Jika dia memutar balik waktu, titik akhirnya bisa meleset sejauh sebelum Midgard tercipta—atau lebih buruk lagi, sampai ke Big Bang. Mungkin dia berniat memundurkan waktu hanya sedikit… namun malah kembali ke zaman purba. Menurut pengakuannya, “Itu seperti mau mengulang film sebentar, tapi malah balik ke adegan pembuka.” Jujur saja, aku sendiri tak terlalu paham analoginya.
Apa pun itu, setelah aku melepaskan semua mana yang kugunakan untuk memulihkan alam semesta, kekuatanku pun kembali ke titik semula. Tapi aku telah menguasai tekniknya. Jadi, kalau sang Dewi melakukan kebodohan lagi, aku bisa langsung datang dan memukulnya sekali lagi.
—
“Sudah selesai, ya?” tanya Dina, berdiri di sampingku.
“Ya,” jawabku singkat.
Percakapan pendek itu memuat lebih banyak emosi daripada sejuta kata. Kami berdua tahu—segalanya telah berakhir.
Benar-benar berakhir.
Tujuan utamanya hanya membuat sang Dewi menulis ulang naskah dunia… tapi jalan yang ditempuh untuk mencapainya sungguh panjang dan berliku. Tapi akhirnya, Midgard telah lepas dari tangan Alovenus. Mulai sekarang, takkan ada lagi campur tangan dari dewa. Dunia ini akan melangkah dengan kekuatannya sendiri.

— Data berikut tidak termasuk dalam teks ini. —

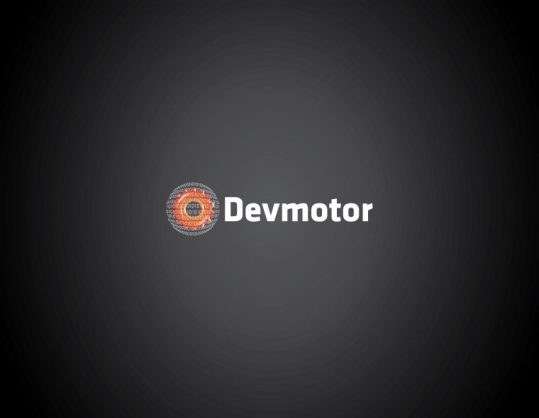 汽車維修品牌標(biāo)志設(shè)計logo設(shè)計圖片大全-上海標(biāo)志設(shè)計公司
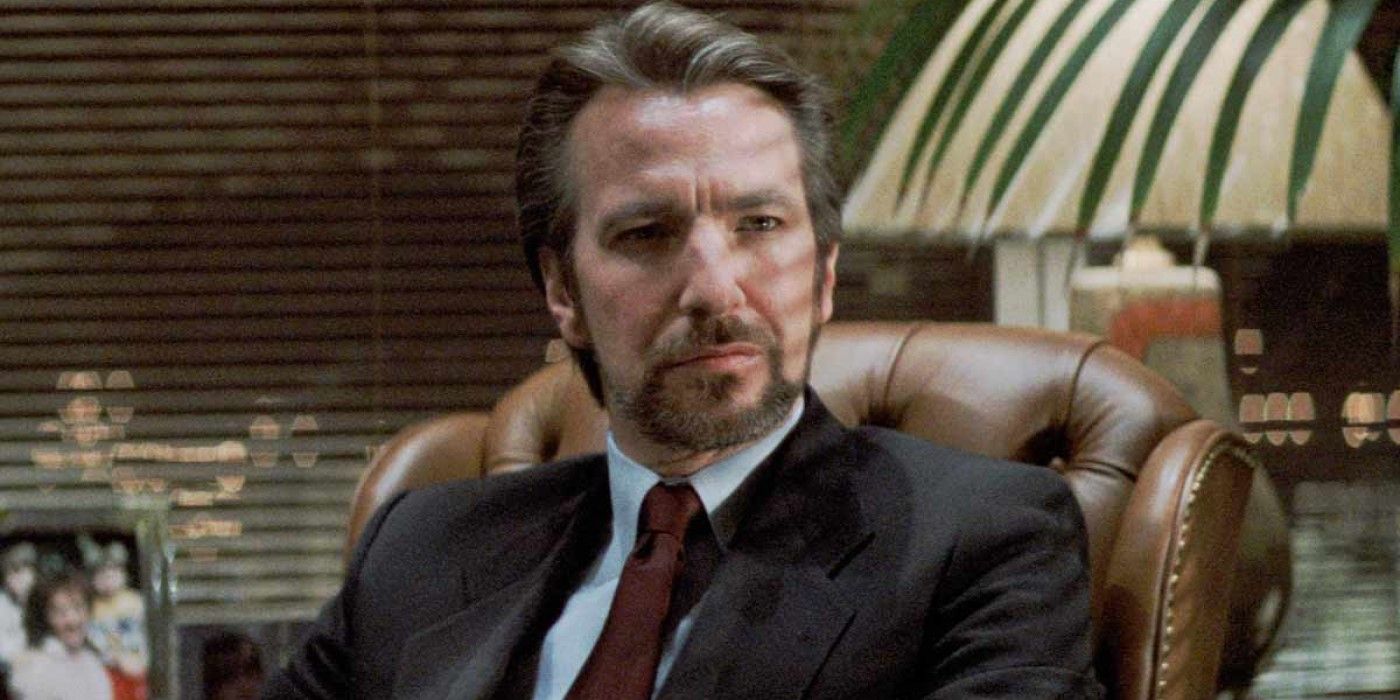 die-hard-hans-gruber-office-chair.jpg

“Ruphas-sama—! Aku selalu percaya padamu!” seru Scorpius dengan semangat, berlari menghampiriku dengan tangan terbuka.
Tapi sebelum ia bisa memelukku, tubuhnya terpaku di tempat.
Libra telah menjambak kepalanya dan menahannya di udara.
“Oi, apa-apaan ini!? Dasar sadis!”
“Aku hanya mencegah seorang cabul mendekati tuanku. Tidak ada yang aneh dalam tindakanku.”
“Cabul apanya!? Dasar robot sadis, kubikin kau jadi besi tua!”
“Keberadaanmu saja sudah mengganggu. Akan kukirim kau ke bulan dulu.”
“APA!?”
Dengan satu lemparan datar, lengan Libra lepas dari sikunya dan melesat ke angkasa—mengantarkan Scorpius langsung menuju bulan. Seperti yang dia katakan, tujuannya benar-benar bulan. Tampaknya Libra serius.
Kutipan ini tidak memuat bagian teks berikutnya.